Resigning from a job that’s been making you unhappy can feel like a huge weight off your shoulders as you prepare for fresh challenges in pastures new. Our guide to effective resignation will help you to say goodbye with dignity and professionalism.
The decision to resign isn’t one to be made at the end of a hectic day, or after a heated discussion in the boardroom. This is a potentially life-changing move, so think about it with a cool head. Consider the practicalities of leaving your job, particularly if you haven’t another lined up. If necessary can you survive without and income, and for how long? The feeling of freedom from the shackles of work will soon pale into insignificance when you’re struggling to keep the wolf from your door a few months down the line.

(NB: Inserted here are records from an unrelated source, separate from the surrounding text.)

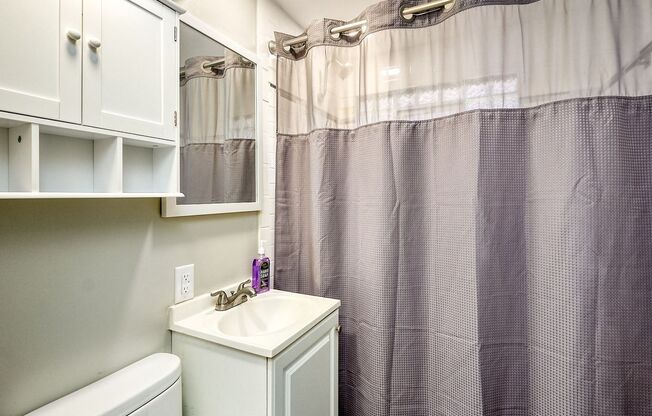 2 beds, 1 bath, $1,850, Unit # B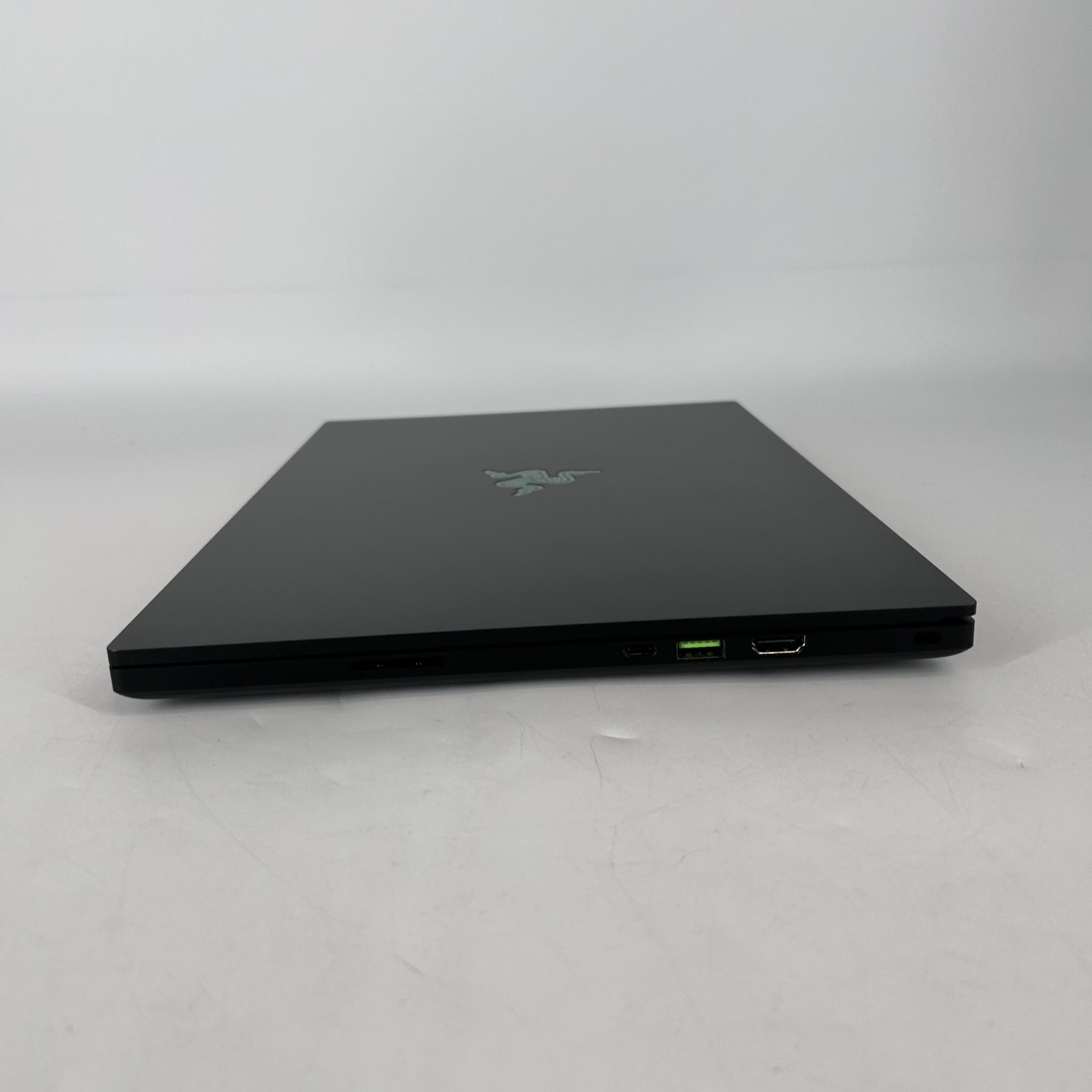 Razer Blade 15 Advanced 4K TOUCH i7-10875H 2.30GHz 64GB 1TB RTX 2080 Super Max-Q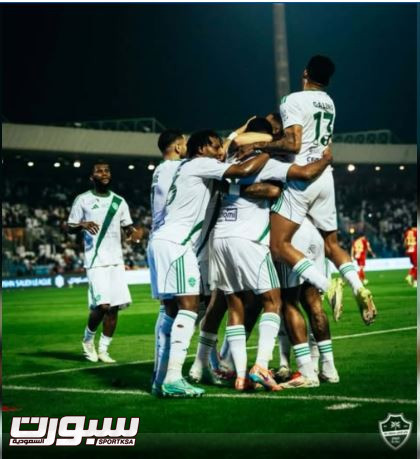 الإصابات والإيقاف تضرب صفوف الأهلي قبل مواجهة ضمك في دوري روشن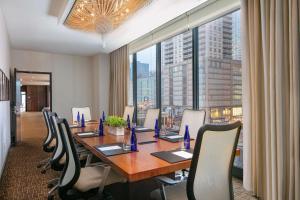 una sala de conferencias con una mesa larga y sillas en The Royal Sonesta Chicago River North, en Chicago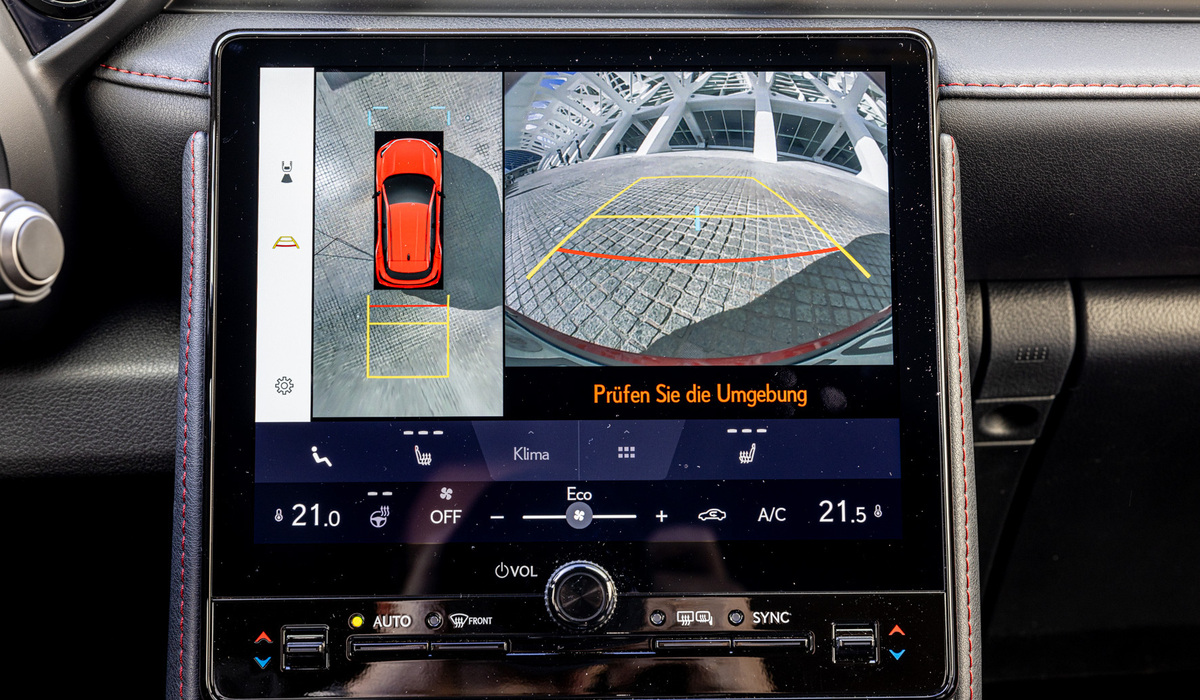 mid Valencia - Das 12,3 Zoll große Infotainmentdisplay zeigt die hochaufgelöste 360 Grad Parkkamera an. Neben der Touchbedienung stehen auch einige Tasten und Drehregler parat. Mike Neumann / mid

Sometimes desperate times call for extreme measures, but if you can, line up another job before you jump ship.
Pen to Paper
Writing a resignation letter can be a daunting task. However bitter and miserable you might have been in your job, this isn’t the right time to address bad feeling. Save candid comments for your exit interview! Instead, give your letter a positive feel by thanking your employer for the opportunities you‘ve been given and the skills you’ve developed during your employment. It’s critical that you don’t burn your bridges when you resign – remember you’ll need a reference from your manager, and this being the small world that it is, you’re likely to come across old colleagues elsewhere in your career. Remember also to clearly state when you’ll be leaving.
Face to Face
It’s always best to hand in your resignation in person, if possible. Schedule a meeting with your manager and prepare what you want to say well ahead of time. During the meeting reassure your boss that you’ll continue to put in 100%, and that you’ll do everything possible to ensure a smooth handover. Be ready for a range of reactions from your boss, just in case emotions run high. As in your letter, explain that you’re very grateful for the experience and that you wish the team and company every success in the future.
You may find yourself with a counter-offer in your hand, and it’s worth thinking about this eventuality ahead of time. Keep in mind the reason why you want to leave, and assess any alternative offer against this. If the frustrations that have driven you to resign will crop up in the alternative role, it may be best to politely decline. A counter-offer is a compliment to your ability and contribution to the company, so take a moment to feel proud of yourself!
So you’ve breezed through your notice period with barely a care in the world and a spring in your step. Your last few days should be spent tying up any loose ends and making sure you’ve completed your handover. Make sure you seem to be dedicated to the last, even if you’ve been somewhere else mentally for the last four weeks. Remember to be gracious and thank managers and colleagues for their support and friendship. Finally, enjoy the feeling of letting go and look forward to new beginnings.